The second‐generation compounds are potent FGFR inhibitors, such as AZD4547, BGJ398, and LY2874455, which have a greater selectivity compared with mixed kinase inhibitors. The first 2 are inhibitors of FGFR1‐3 with moderate‐weak activity against FGFR4, and the third is a pan‐FGFR inhibitor. These inhibitors exhibit an antitumor effect in cancer involving dysregulation of FGFR1 ,2, or 3 in clinical trials.42 BLU9931 is a potent and highly selective small‐molecule inhibitor of FGFR4 that spares other FGFR family members and all other kinases. BLU9931 treatment inhibits the proliferation of HCC cell lines harboring an activated FGFR4 signaling pathway. It also shows significant antitumor activity in mice bearing an HCC tumor xenograft.43 Therefore, BLU9931 may be an effective therapy targeting FGFR4 in HCC patients with the activated FGFR4 signaling pathway.

Monoclonal antibody

The first anti‐FGFR4 monoclonal antibody tested in an animal tumor model is called LD1(chLD1).

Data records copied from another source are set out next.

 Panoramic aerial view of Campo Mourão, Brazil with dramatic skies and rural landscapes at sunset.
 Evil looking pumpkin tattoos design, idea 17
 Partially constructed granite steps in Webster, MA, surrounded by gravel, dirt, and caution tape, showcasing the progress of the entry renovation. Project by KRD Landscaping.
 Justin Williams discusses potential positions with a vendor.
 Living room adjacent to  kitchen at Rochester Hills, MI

LD1 binds mouse, cynomolgus monkey, and human FGFR4 with high affinity but does not bind to mouse or human FGFR1, FGFR2, or FGFR3. LD1 blocks FGRF4, so that it prevents FGF19 binding to FGFR4 and inhibits FGFR4 signaling, leading to decreased cell proliferation and colony formation in liver cancer cell lines and tumor growth in the HUH7 HCC xenograft model.17

Another monoclonal antibody, 1A6, targeting FGF19, is now under preclinical development. 1A6 can bind to FGF19 and inhibits FGF19 binding with FGFR4. 1A6 has been reported to prevent tumor formation and inhibit the growth of colon cancer xenografts in FGF19 transgenic mice.44

CONCLUSION

Recent efforts have enabled us to identify various oncogenic alterations of FGFR4 signaling involved in cancer. A large body of studies link aberrant FGFR4 signaling, due to either aberrant expression, SNP, activating mutations or alterations in FGFR4 ligands, with the development of cancer. Thus, targeting of FGFR4 is a potential therapeutic strategy. Substantial progress is being made in FGFR4‐targeting agents, which show promising antitumor activity, and some of them are currently in preclinical development or in the early phase of clinical trials. More work is still required in the future to overcome the challenges in lowering the toxicity of FGFR4‐targeting agents, and in selection of patients suitable for FGFR4‐targeting therapy.

CONFLICT OF INTEREST

The authors declare no conflicts of interest.